As part of my thesis, I am analyzing political parties' polarity. After receiving a datadump with Facebook messages in JSON, I parsed it into R. Unfortunately, one list-variable is nested:
I need to extract the $sentiment$polarity$score
out of the list within list within list.
Observations: 63,465
Variables: 5
$ description <chr> "'TEXT'" ...
$ parties <list> ["X", "X", "Y", ...
$ date <date> 2018-03-05, 2018-03-05...
$ title <chr> NA, NA...
$ sentiment <list> [[[0.2998967, "Positief"], ...
Using glimpse(df$sentiment)
shows:
$ :List of 2
..$ polarity :List of 2
.. ..$ score : num 0.15
.. ..$ description: chr "Neutraal"
..$ subjectivity:List of 2
.. ..$ score : num 0.65
.. ..$ description: chr "Erg subjectief"
[list output truncated]
EDIT: head(df$sentiment, n=1) gives:
[[1]]
[[1]]$`polarity`
[[1]]$`polarity`$`score`
[1] 0.2998967
[[1]]$`polarity`$description
[1] "Positief"
[[1]]$subjectivity
[[1]]$subjectivity$`score`
[1] 0.5458678
[[1]]$subjectivity$description
[1] "Subjectief"
But, the problematic part of df$sentiment
exists in (when running head(df$sentiment, n=10)
) is as follows:
[[5]]
named list()
Thus, the observation does contain an empty list, instead of the format of containing two other lists.

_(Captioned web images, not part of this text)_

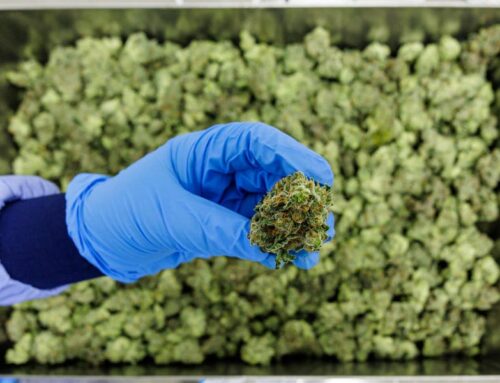 Germany Is Seeking Stricter Rules For Medical Cannabis To Crack Down On Online Prescriptio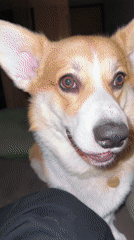 Corgi filmed resting on cushion in Krasnoyarsk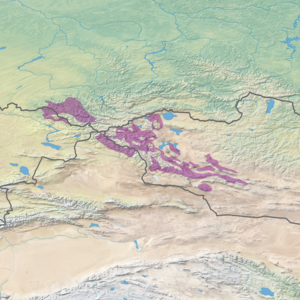 Ecoregion territory (in purple)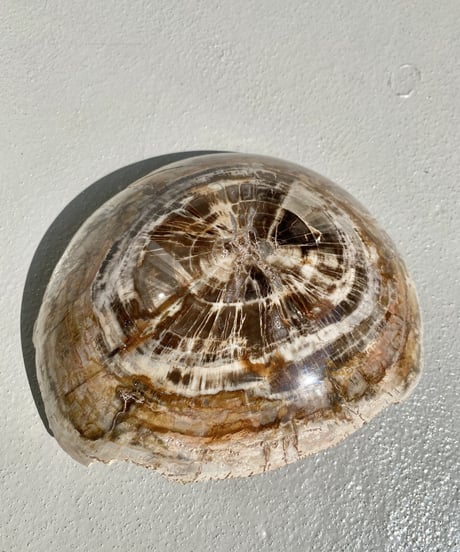 Petrified wood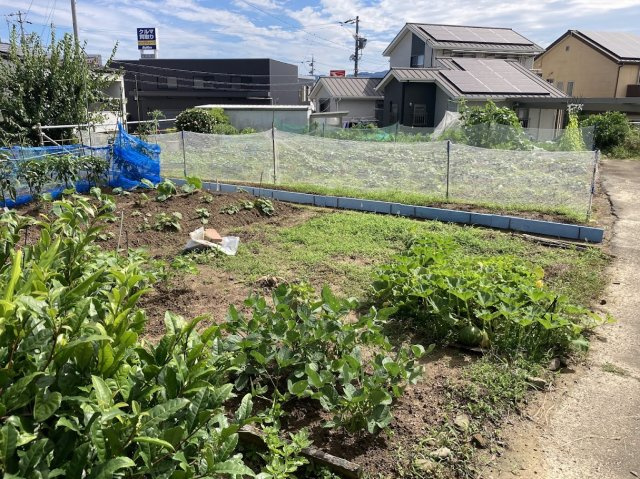 【外観】の画像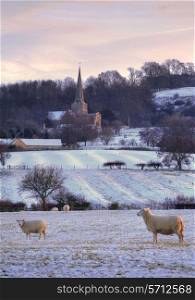 Pretty winters scene at Saintbury with church and sheep, Chipping Campden, Gloucestershire, England.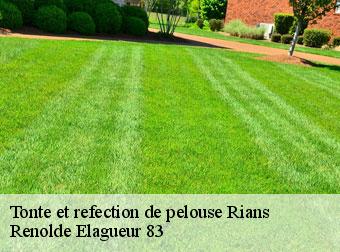 Tonte et refection de pelouse rians-83560 Renolde Elagueur 83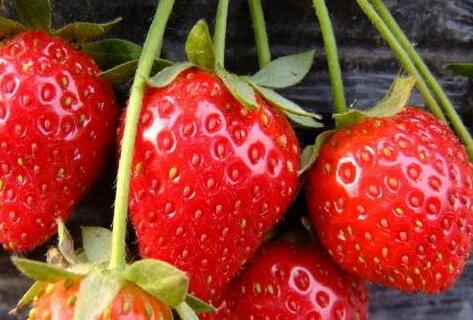 植物葉綠素儀 植物葉綠素儀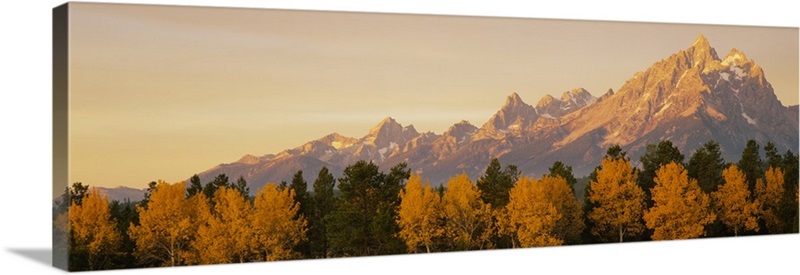 Aspens Teton Range Grand Teton National Park WY | Great Big Canvas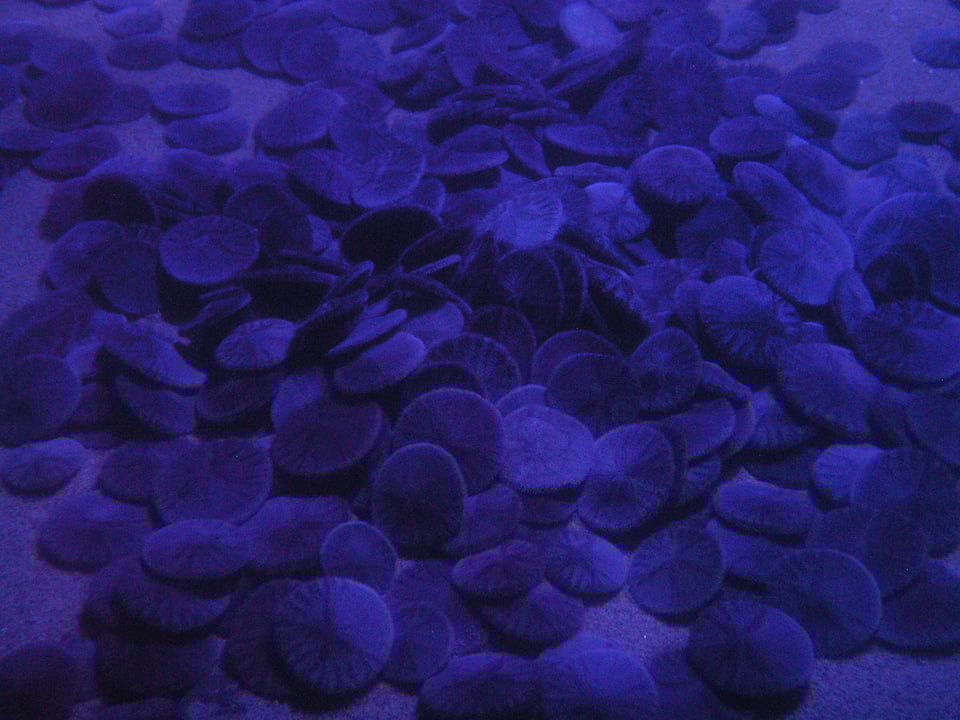 Fuzzy sand dollars gather at the bottom of a black light tank at the Monterey Bay Aquarium.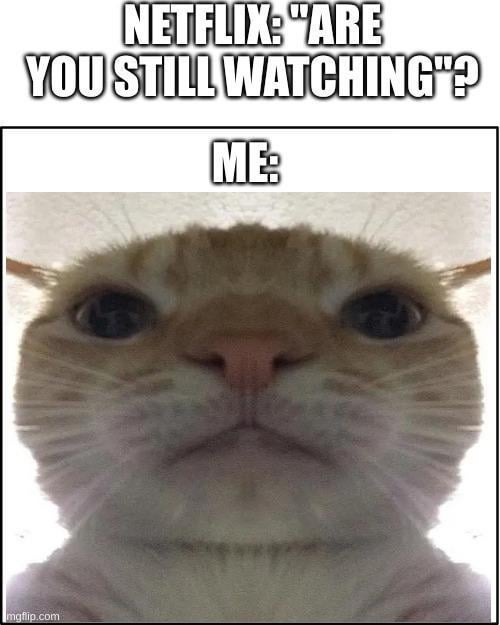 NETFLIX: "ARE YOU STILL WATCHING"? ME: mgflip.com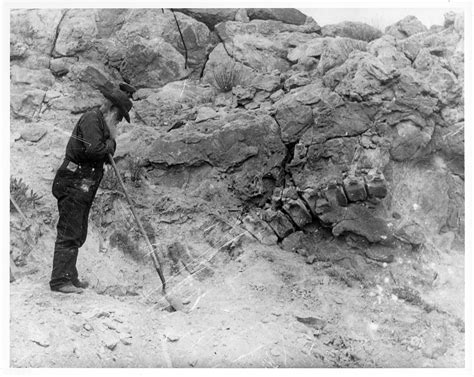 Establishing and Expanding the Quarry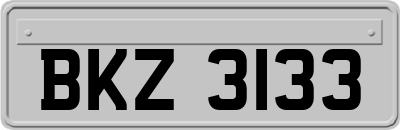 BKZ3133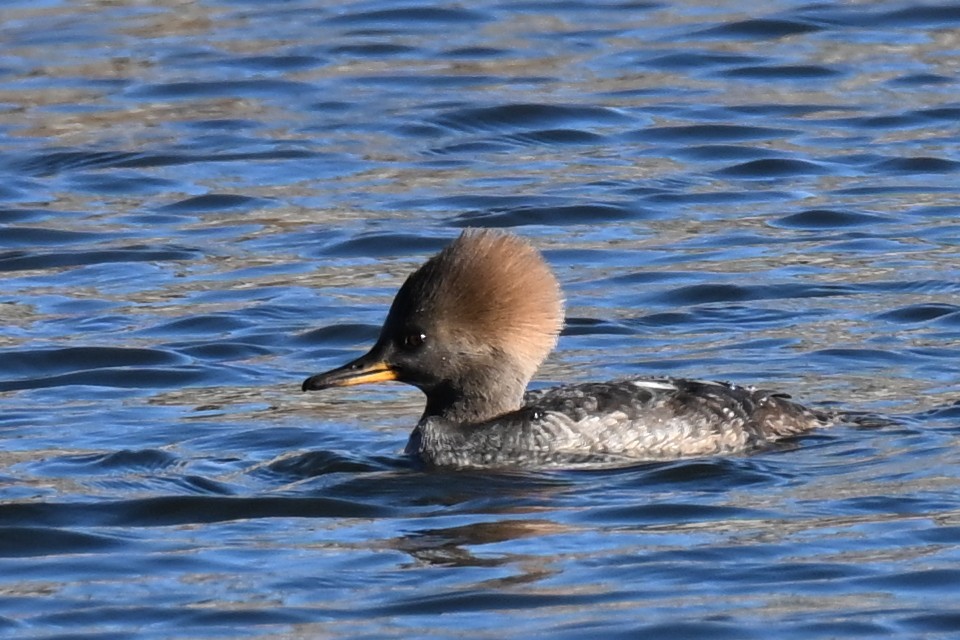 Hooded Merganser - ML646021729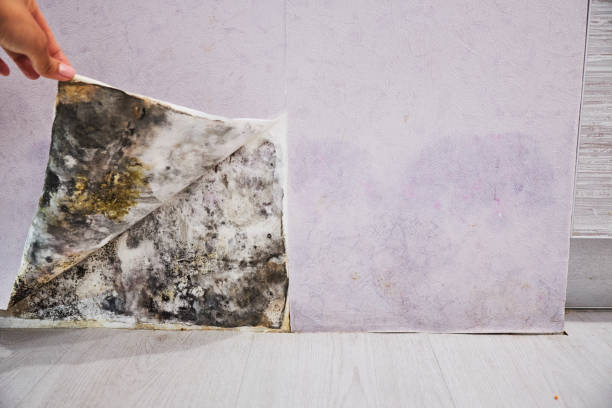 Mold Testing and Removal in Dunnellon, FL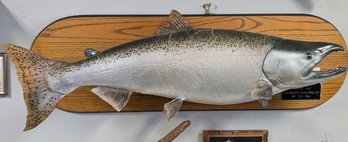 Taxidermy King Salmon - Aug,1987, Lake Ontario, Soldiers Bay, NY 44 Inches!      LD/sR.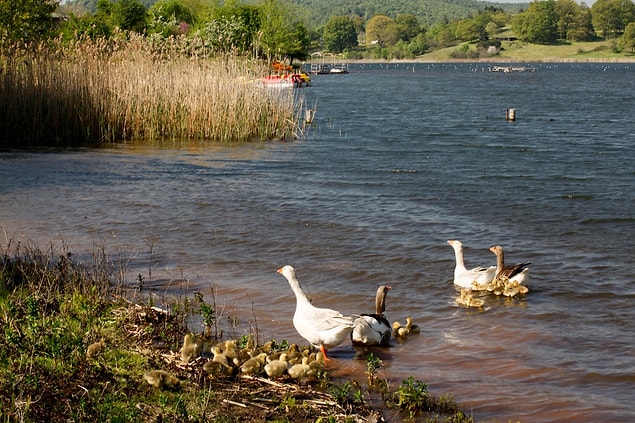 Bozulmamış, doğal flora ve faunasıyla cennetten bir köşe...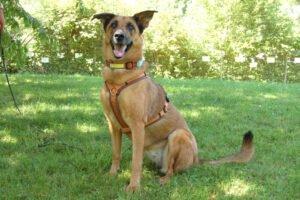 Amy-Ma - weiblich 7 Jahre 59 cm 31 kg Mali-Schäferhund-Mix Gechipt Nicht kastriert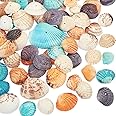 PH PandaHall 50pcs Dyed Sea Shells Scallop Shells Natural Conch Shell Beads Drilled Tiny Scallop Sea Shell for Crafting Hanging Decoration Making Beach Party Garland Wedding Decor 1.2~1.4 Inch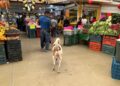 Duque, el perro arropado por comerciantes del mercado República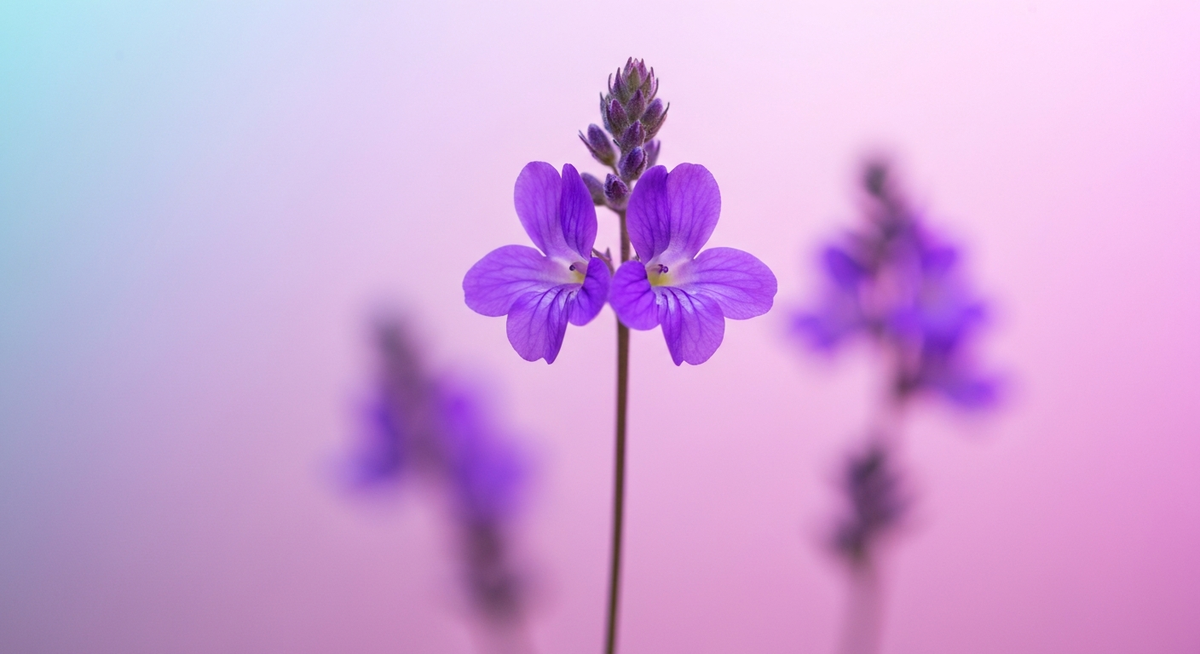 e1f526a4 b768 4fb2 ac2a 4491bb6e56d8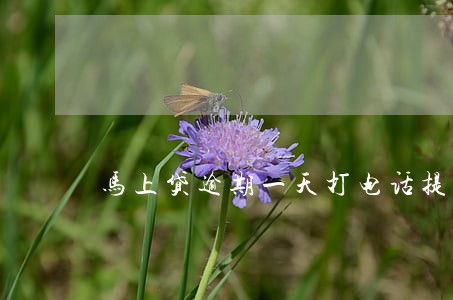 马上贷逾期一天打电话提醒么 马上贷逾期一天打电话提醒么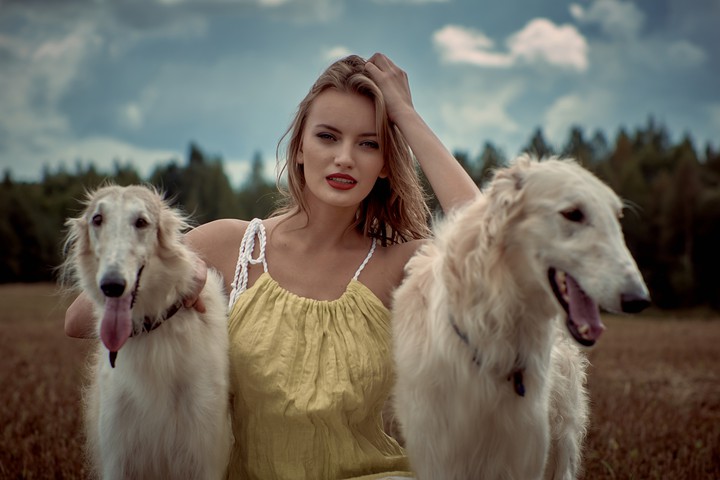 ,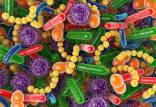 باکتری‌های روده,ارتباط بین باکتری های روده و تسریع روند پیر شدن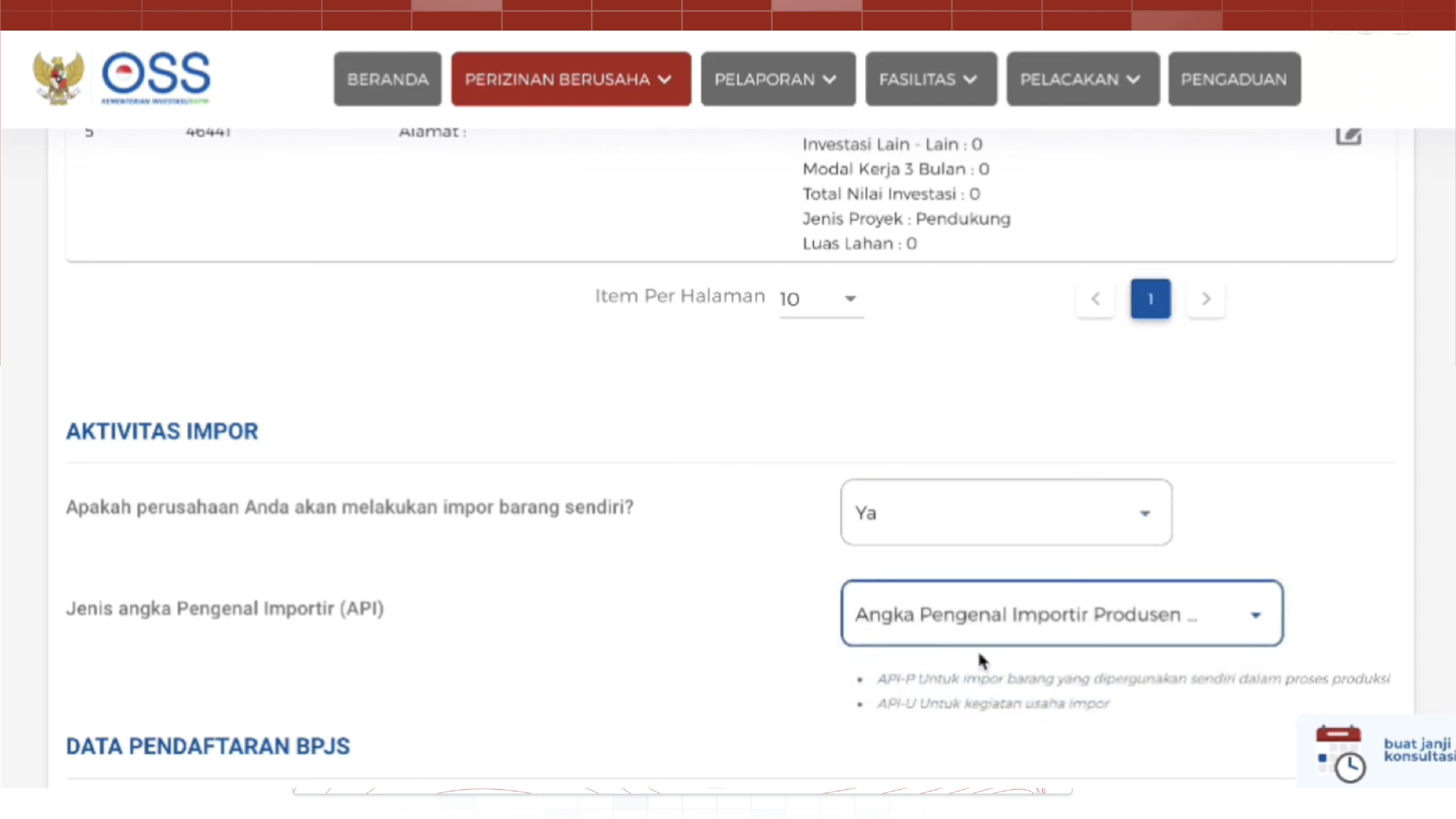 Form pengisian aktivitas impor pada sistem OSS untuk pengajuan Angka Pengenal Importir (API).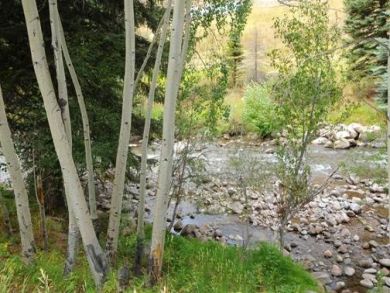 Creek View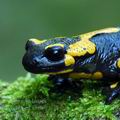 Salamandra_salamandra_ec7602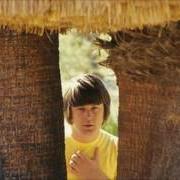 Der musikalische text I'D LOVE JUST ONCE TO SEE YOU von THE BEACH BOYS ist auch in dem Album vorhanden Wild honey (1967)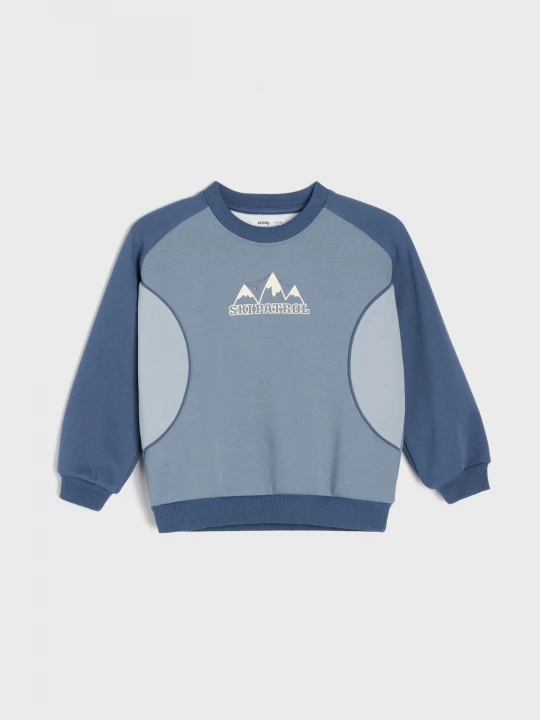 Obrázek produktu Sinsay - Bluza crewneck loose z dekoracyjnymi cięciami i kontrastową lamówką - szary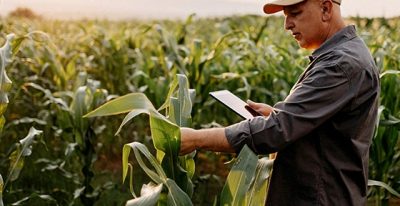 Predictive Analytics for a Global Agribusiness Leader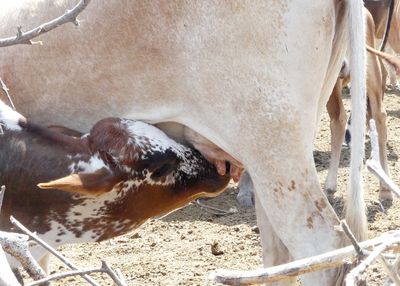 Hadza_P1030788.jpg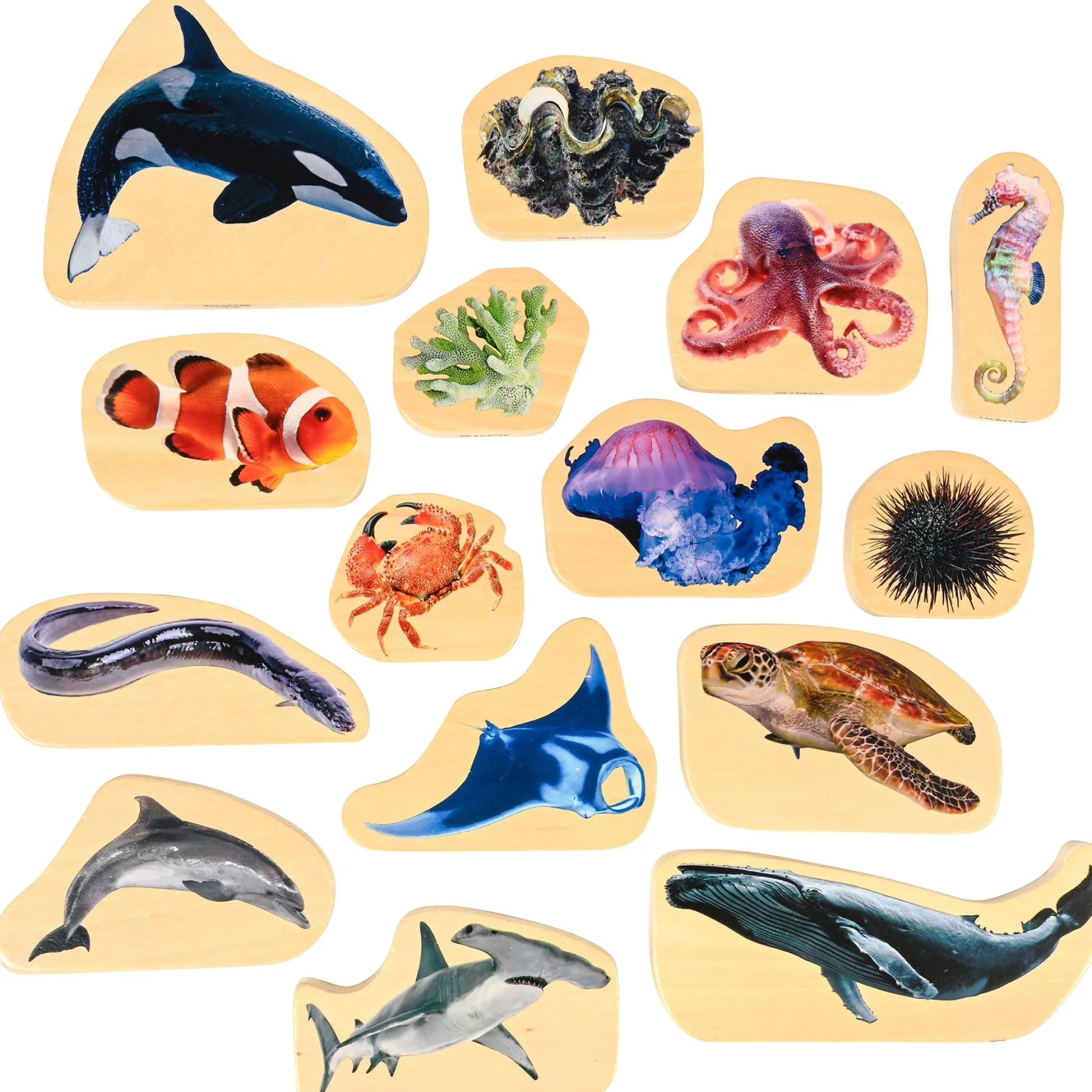 Educators Resource TickiT Wooden Sea Life Blocks - Colorful Marine Exploration Set of 15* Preschool Building Sets & Blocks|Preschool Education Toys & Activities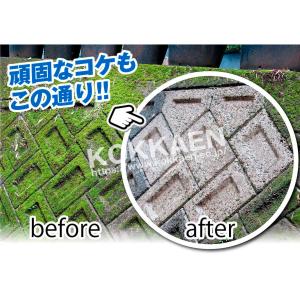 国華園 即納 高圧洗浄機 コードレス 充電式 ...の詳細画像4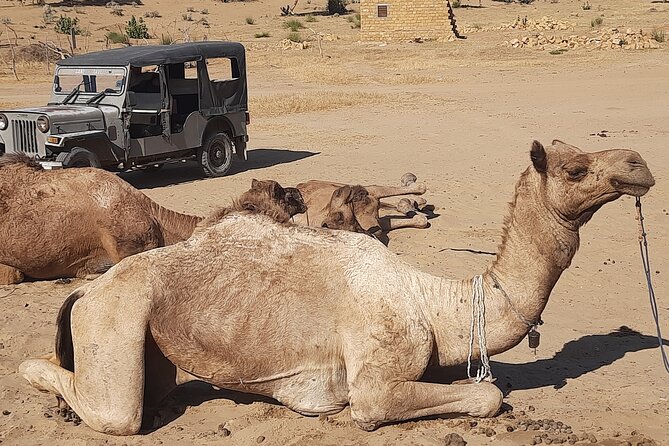 Off the Beaten Track Overnight Camel Safari Tour Jaisalmer - Optional Extras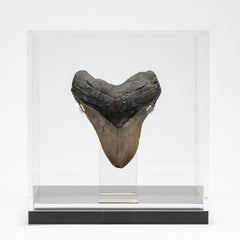 Fossil Megalodon "the Monster Shark" Tooth in Acrylic Custom Box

I have tried the following:
df %>% unnest(sentiment, .drop = FALSE, .sep = '"')
Unfortunately, this doubled my df thereby losing the distinction between polarity$score
and sentiment$score
.
Also, I tried
matrix(unlist(df$sentiment),ncol=4,byrow=TRUE)
Unfortunately, this cannot cope with the NULL entries (i.e. when $sentiment
is empty while $polarity
is not empty). Thus, it creates a flawed matrix.
I have also played around with the flatten
, unlist
and tranpose
functions, but that did not seem to get me anywhere. I am not that experienced in R, therefore I hoped someone could assist me to extract the right score and enter it as an column to my dataframe. I hope I provided all the needed information.